Navigating the road to happiness
The biggest mistakes many managers make is that they forget to ask their employees what they think would make their companies the best places to work, Nelson says.
The same thing goes for rewards and recognition programs, she notes. “Don’t assume that everybody wants a Starbucks card or $10 on Amazon. Include in their annual reviews a checklist of a dozen things that are comparable and have them check off the one they prefer. Maybe that will be cash. Maybe it’s a half a day off.”
In a similar vein, too many companies still look upon an annual review as a justification for why a person wasn’t promoted or given a raise, instead of the productive opportunity it can be. “But this does take some serious thinking,” Nelson says. “It can be a conversation that starts out with the employer or the supervisor asking the employee, ‘How do you feel you did this year? What are you most pleased about with what you did this year?’”
This process is particularly critical in the entrepreneurial process, Nelson says. A startup often launches as a tight, functional, two- or three-person core that enjoys the benefits and the hardships together. While keeping that focus and camaraderie can be difficult as the enterprise grows, “the cultural shift calls for the leaders to see employees as allies, not servants,” she says.
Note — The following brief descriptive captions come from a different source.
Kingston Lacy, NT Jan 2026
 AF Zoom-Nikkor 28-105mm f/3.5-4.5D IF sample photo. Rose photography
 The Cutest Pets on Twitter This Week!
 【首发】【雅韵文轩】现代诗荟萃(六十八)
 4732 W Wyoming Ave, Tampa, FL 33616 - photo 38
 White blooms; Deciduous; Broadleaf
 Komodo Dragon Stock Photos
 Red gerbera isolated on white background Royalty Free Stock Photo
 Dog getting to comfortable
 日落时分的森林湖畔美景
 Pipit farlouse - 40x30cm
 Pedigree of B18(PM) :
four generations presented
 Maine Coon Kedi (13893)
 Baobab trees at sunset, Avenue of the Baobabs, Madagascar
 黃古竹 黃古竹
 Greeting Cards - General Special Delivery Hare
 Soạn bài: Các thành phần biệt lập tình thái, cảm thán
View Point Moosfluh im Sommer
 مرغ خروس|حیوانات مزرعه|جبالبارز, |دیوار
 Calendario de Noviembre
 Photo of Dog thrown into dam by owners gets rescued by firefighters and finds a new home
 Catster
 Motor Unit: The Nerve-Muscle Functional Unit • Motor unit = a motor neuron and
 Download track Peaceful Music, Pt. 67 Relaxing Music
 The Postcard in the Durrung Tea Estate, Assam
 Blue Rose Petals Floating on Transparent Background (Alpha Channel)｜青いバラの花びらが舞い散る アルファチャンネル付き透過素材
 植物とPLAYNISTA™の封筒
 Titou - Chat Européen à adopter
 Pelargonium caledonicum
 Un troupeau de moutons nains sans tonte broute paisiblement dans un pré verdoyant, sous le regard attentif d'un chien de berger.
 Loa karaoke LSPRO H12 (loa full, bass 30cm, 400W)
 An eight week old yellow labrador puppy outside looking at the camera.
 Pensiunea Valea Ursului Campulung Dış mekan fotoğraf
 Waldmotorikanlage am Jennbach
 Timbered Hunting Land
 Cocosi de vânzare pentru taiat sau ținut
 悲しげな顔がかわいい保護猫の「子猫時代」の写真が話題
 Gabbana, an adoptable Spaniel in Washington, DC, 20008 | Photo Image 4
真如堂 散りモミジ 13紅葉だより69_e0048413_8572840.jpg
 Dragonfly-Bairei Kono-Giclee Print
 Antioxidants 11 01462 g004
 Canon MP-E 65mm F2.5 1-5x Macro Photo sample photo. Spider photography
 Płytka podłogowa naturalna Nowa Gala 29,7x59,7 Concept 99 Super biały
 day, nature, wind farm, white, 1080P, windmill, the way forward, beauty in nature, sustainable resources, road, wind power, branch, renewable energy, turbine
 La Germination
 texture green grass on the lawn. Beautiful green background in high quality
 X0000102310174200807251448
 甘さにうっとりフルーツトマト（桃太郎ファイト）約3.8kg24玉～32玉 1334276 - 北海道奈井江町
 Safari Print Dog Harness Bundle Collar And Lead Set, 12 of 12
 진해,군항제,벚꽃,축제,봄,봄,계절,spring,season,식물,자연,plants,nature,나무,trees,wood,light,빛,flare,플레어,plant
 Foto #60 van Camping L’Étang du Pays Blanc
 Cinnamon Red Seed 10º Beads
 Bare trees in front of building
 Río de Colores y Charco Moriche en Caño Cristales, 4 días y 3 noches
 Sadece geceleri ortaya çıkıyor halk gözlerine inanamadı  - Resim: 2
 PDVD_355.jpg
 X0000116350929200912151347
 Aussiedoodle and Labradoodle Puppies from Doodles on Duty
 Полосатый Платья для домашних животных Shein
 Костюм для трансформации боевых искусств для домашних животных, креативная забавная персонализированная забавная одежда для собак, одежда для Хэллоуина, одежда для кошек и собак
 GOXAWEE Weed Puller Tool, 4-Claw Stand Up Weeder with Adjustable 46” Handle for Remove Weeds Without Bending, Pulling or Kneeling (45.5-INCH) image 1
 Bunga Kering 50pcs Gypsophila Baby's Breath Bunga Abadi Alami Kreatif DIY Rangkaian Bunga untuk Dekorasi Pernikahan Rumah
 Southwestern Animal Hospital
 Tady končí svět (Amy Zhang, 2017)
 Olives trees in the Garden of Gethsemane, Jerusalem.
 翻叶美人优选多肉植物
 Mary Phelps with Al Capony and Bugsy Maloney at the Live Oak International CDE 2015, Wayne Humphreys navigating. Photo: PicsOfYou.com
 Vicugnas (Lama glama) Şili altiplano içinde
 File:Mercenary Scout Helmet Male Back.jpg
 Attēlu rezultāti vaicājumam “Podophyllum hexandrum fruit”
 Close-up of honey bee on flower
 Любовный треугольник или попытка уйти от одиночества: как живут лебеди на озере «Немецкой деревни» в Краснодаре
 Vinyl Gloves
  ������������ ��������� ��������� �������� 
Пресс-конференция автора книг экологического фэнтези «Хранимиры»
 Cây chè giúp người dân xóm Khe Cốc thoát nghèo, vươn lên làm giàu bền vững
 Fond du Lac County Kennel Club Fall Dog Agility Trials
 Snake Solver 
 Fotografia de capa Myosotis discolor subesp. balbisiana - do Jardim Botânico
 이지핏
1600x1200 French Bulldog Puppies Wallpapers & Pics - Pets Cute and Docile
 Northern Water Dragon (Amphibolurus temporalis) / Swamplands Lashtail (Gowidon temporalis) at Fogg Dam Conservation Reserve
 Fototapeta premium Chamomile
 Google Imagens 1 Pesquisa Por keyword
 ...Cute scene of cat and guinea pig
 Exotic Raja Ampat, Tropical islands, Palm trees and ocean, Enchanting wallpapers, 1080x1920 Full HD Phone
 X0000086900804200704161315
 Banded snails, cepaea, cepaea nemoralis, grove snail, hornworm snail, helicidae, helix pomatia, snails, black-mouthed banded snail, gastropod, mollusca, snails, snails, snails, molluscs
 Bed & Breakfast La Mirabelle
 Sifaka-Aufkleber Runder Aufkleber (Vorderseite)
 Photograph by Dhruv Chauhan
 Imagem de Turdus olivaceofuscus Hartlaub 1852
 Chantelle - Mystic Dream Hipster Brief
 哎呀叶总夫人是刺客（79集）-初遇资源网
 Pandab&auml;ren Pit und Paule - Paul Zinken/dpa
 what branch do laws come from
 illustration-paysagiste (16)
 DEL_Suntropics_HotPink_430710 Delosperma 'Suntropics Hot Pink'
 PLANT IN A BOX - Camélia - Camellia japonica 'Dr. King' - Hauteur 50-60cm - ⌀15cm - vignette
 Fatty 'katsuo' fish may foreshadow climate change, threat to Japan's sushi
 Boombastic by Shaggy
“Now, you don’t share everything with your allies, but you share a lot. And what employees really resent is to be the last ones to find out about the merger, or the consultant coming in, or the downsizing, or the change of facility, or the new software. I’m not talking about sharing every single little bit of information—some of it is only appropriate for your three or four founders—but if you share basic information as you go along, people have a better understanding of why something is turning negative and perhaps what steps you’re taking right away to turn it positive. Right alongside that—and this is what happens too often as companies grow past the two- or three-person level—is that they do not solicit, actively solicit, opinion and solutions from the newer hires,” Nelson continues.
Finally, today’s manager needs to be cognizant of the challenges of managing generational differences between baby boomers, Gen Xers and millennials, who may have very different ways of looking at work and goals, Nelson says. “Don’t clump all your employees in one basket.
“You’ve got to speak to your people individually as well as collectively, and then you’ve got to use your common sense, look at your budget and see what you can do. But there’s nothing that says that all employees must be treated alike—especially when it comes to rewards and recognition. I think that’s a big mistake. Employee of the month just does not cut it for most employees,” she continues.